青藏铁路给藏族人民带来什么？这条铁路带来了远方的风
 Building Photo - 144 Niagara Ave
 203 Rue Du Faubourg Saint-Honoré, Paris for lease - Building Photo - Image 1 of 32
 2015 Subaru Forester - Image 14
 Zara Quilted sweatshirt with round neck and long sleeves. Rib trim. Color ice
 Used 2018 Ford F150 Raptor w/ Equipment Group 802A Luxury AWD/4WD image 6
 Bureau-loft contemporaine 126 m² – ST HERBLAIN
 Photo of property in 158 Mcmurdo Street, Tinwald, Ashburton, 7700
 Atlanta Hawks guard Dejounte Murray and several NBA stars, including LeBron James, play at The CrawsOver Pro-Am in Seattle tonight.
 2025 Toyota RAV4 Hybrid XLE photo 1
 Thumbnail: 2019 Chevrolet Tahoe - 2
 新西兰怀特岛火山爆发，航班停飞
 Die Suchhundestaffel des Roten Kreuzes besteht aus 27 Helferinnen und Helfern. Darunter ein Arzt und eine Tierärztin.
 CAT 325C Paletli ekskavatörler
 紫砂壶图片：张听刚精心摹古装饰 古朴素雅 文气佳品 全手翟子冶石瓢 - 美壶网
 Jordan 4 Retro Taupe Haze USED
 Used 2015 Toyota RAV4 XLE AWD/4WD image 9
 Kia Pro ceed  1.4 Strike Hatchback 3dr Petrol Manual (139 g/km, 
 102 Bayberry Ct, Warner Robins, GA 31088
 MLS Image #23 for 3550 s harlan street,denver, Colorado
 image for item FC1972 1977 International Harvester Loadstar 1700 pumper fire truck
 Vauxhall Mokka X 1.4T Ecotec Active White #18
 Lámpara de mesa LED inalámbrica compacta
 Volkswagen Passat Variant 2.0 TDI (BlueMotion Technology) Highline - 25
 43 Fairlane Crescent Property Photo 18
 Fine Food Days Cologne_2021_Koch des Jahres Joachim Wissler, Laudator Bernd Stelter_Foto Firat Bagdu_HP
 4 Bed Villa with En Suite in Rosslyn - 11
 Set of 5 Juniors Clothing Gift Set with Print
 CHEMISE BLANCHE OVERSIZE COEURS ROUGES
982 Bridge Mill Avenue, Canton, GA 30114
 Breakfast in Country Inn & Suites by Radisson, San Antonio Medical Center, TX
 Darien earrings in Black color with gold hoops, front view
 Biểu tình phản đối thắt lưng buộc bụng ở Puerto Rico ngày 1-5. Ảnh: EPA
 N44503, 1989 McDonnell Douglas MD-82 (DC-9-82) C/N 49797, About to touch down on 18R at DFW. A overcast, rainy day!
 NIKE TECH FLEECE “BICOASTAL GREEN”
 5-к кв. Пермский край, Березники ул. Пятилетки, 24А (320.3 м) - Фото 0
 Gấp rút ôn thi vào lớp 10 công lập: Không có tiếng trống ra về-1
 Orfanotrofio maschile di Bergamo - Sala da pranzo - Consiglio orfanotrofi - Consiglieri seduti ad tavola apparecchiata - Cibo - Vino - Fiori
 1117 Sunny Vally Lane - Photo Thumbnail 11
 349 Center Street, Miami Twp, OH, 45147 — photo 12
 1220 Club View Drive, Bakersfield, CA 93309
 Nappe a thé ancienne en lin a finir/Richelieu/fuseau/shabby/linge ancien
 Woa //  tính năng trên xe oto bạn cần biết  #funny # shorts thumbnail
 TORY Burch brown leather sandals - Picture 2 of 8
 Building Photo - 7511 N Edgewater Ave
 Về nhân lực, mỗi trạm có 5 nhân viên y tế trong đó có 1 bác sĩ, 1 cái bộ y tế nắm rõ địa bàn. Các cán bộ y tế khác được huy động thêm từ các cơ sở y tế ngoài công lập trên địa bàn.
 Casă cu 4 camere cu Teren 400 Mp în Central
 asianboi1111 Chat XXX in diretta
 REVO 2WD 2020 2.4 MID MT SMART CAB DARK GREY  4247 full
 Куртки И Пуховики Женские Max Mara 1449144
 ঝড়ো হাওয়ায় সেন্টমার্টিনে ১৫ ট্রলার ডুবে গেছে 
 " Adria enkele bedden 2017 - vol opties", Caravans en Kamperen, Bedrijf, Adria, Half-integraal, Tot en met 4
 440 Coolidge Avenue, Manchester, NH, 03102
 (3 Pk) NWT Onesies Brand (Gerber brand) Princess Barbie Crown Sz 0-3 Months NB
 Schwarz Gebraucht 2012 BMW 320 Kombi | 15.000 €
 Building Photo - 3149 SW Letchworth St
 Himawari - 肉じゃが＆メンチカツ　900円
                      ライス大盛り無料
· · · ·
What to produce: Only the lines above starting at the line that holds "REVO 2WD 2020" and ending at the line that holds "440 Coolidge Avenue, Manchester, NH, 03102" are to be repeated, exactly and in full.

Answer below:
 REVO 2WD 2020 2.4 MID MT SMART CAB DARK GREY  4247 full
 Куртки И Пуховики Женские Max Mara 1449144
 ঝড়ো হাওয়ায় সেন্টমার্টিনে ১৫ ট্রলার ডুবে গেছে 
 " Adria enkele bedden 2017 - vol opties", Caravans en Kamperen, Bedrijf, Adria, Half-integraal, Tot en met 4
 440 Coolidge Avenue, Manchester, NH, 03102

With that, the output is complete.